Re: Special characters in Beam Schema field names

Robert Bradshaw Thu, 19 Mar 2020 18:01:25 -0700

On Wed, Mar 18, 2020 at 8:01 PM Kenneth Knowles <[email protected]> wrote:
>
> I favor allowing field names to contain any unicode character, semantically. 
> I do not think encoding is a semantic property of a field name (or even a 
> string in a particular programming language) so UTF-8 doesn't need to be part 
> of it. Inputting a field name in a particular context is separable from what 
> characters can occur in the name, and the encoding of a string when it is 
> turned into bytes is orthogonal to what characters are in the string.

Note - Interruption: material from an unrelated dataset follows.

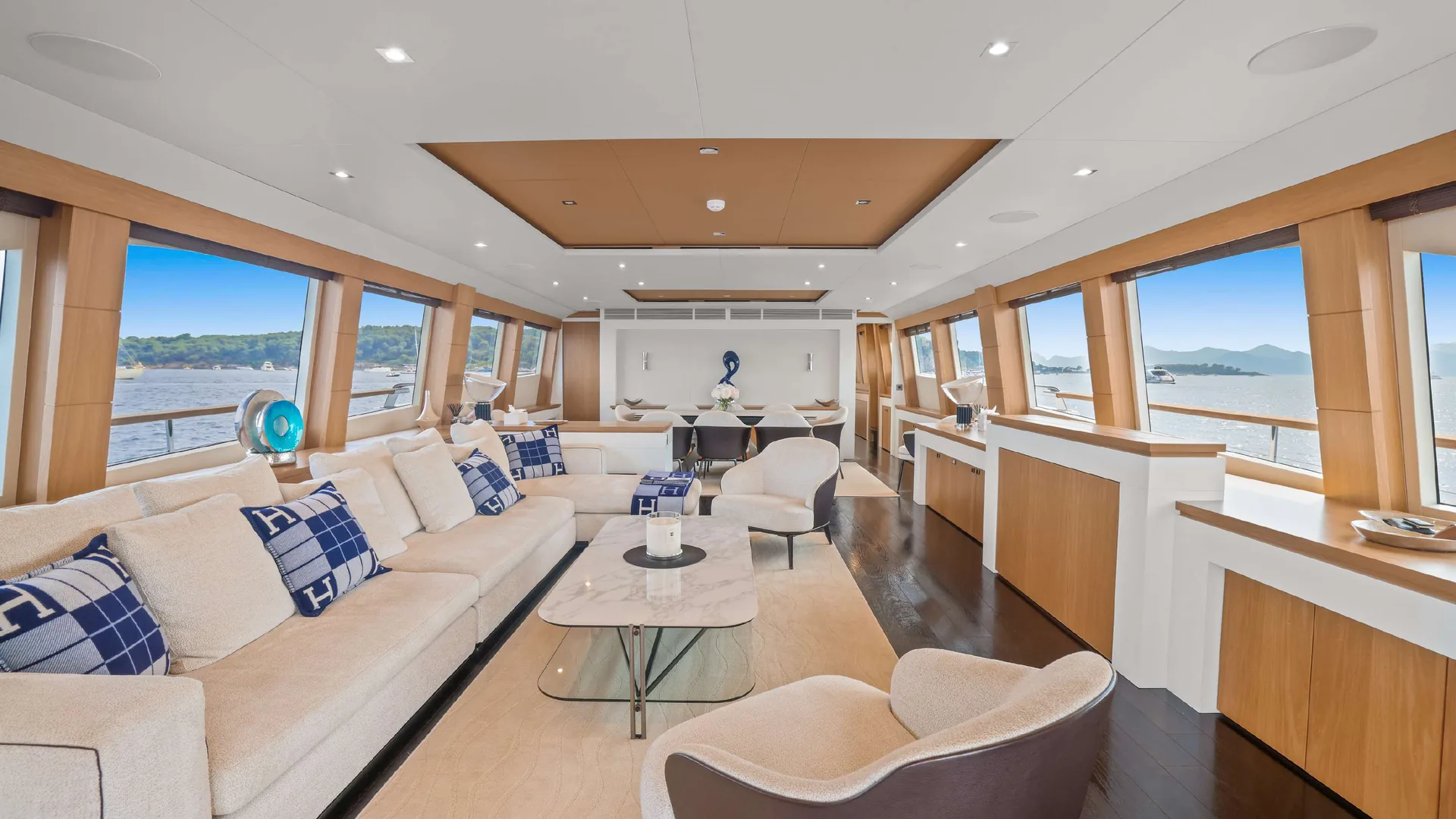 Millesime — photo 18 location yacht Monaco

+1, I meant to say Unicode, not UTF-8.

> SQL has a good convention to allow any character (backticks, as you 
> demonstrated), as do most unix shells / filesystems. Note again that backtick 
> and backslash conventions are how to _input_ a field name, not the characters 
> actually in the field name. Your example of "parent.child" is a good one, 
> too: the dot is not part of any field name, but just a way to input a list of 
> names to construct a path. And your later example of using backticks around 
> the dot works perfectly if you want a dot in the field name. This is a solved 
> problem IMO, and we just have to take a solution off the shelf.
>
> Since schemas are pretty closely related with SQL, how about just using these 
> particular SQL conventions? I like backticks and I also like backslashes.

Makes sense to me.

> For debuggability, we need to always print a properly unparsed identifier, 
> not just print the field name as a string. So in the example of "we use _ 
> rather than the more natural . when concatenating field names in a nested 
> select" I would prefer to just use a dot, for clarity, and when printing it 
> the position of the backticks will make it totally clear that the dot is not 
> a field separator.

If we're generating *new* field names, I'd just as soon a convention
that generates non-special ones just for ease of use.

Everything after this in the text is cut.